I can't randomly walk through any mall, park, or neighborhood because I might
miss something. All events must be sequential.

When I'm at a client site, I interpret everything.

When the restaurant hostess asks my server's name, I say, "Univsrv1".

When invited to a networking event, I bring my toolbox.

I can't start anything new without a Mountain Dew and a bag of Lay's.

When doing anything for the first time, I imagine test cases before I proceed.

I keep trying to "click" by gearshift.

I clean everything in my house with a 50% distilled water/50% isopropyl
alchohol mix.

I keep looking for "alt-tab" on my TV remote instead of "Last Channel".

My cats are named Instance 1, Instance 2, and Instance 3.

I use the simplex method of linear algebra to fit everything in my freezer.

I never drink beer until after the final build of the day. (actually true)

I refer to my girlfriend's weird friends as "outliers".

Every time I say "outlier", I worry that my girlfriend may deprecate me.

------
run4yourlives
It's over developed my already prevalent logical thinking.
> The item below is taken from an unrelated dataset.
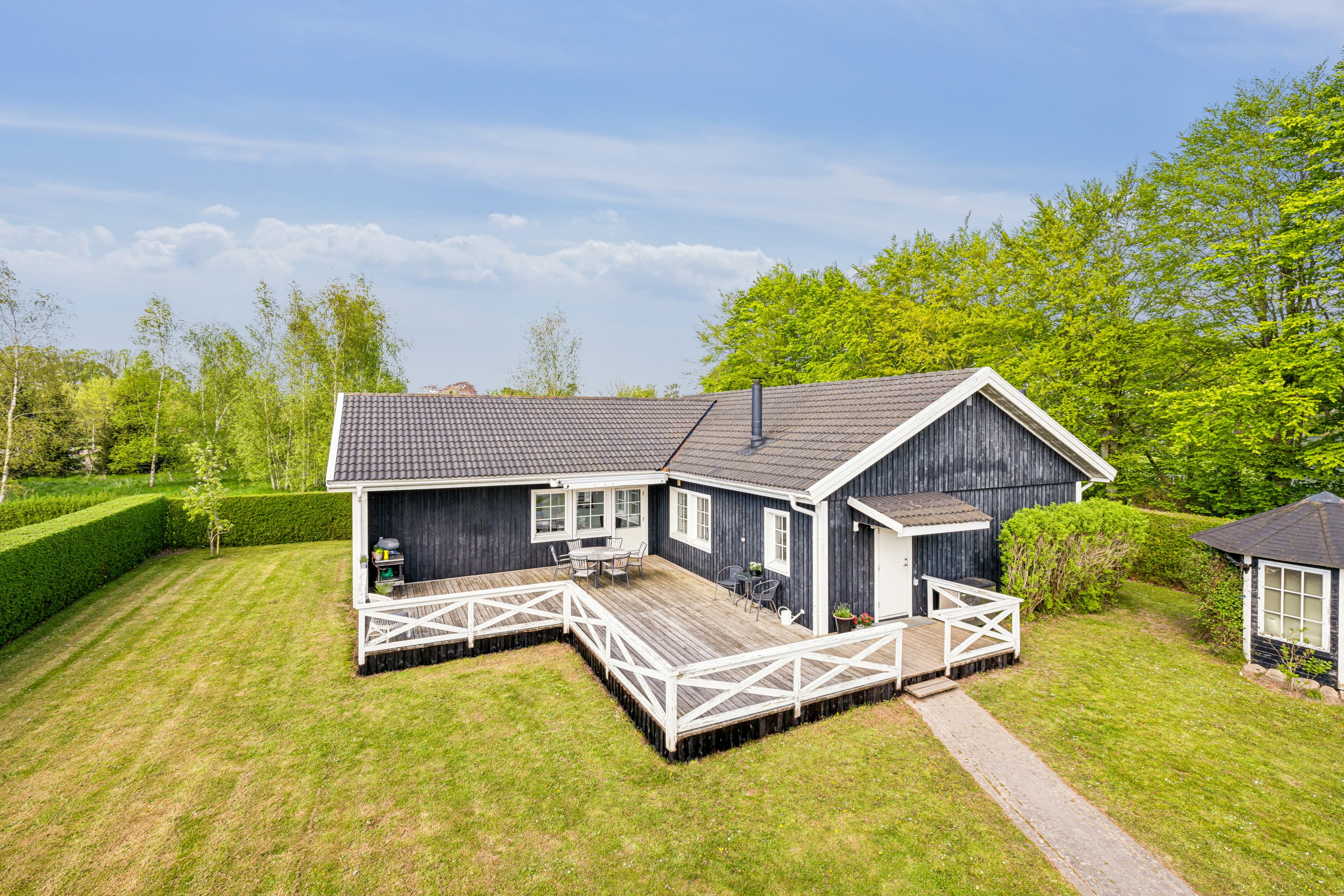 Fremhævet ejendom 1 billede i fuldskærmstilstand. Billede af Kløvervangen 18, Lime, 8544 Mørke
This is great
because I'm known as a clear thinker that can solve complex problems, but I've
found that a lot of people have difficulty thinking in these terms, preferring
to remain in a more emotional pattern.

End result is that it harder to relate to more and more people, which remains
important. I'd imagine this happens to most programmers, although I don't
think there is a good appreciation for how significant this is generally.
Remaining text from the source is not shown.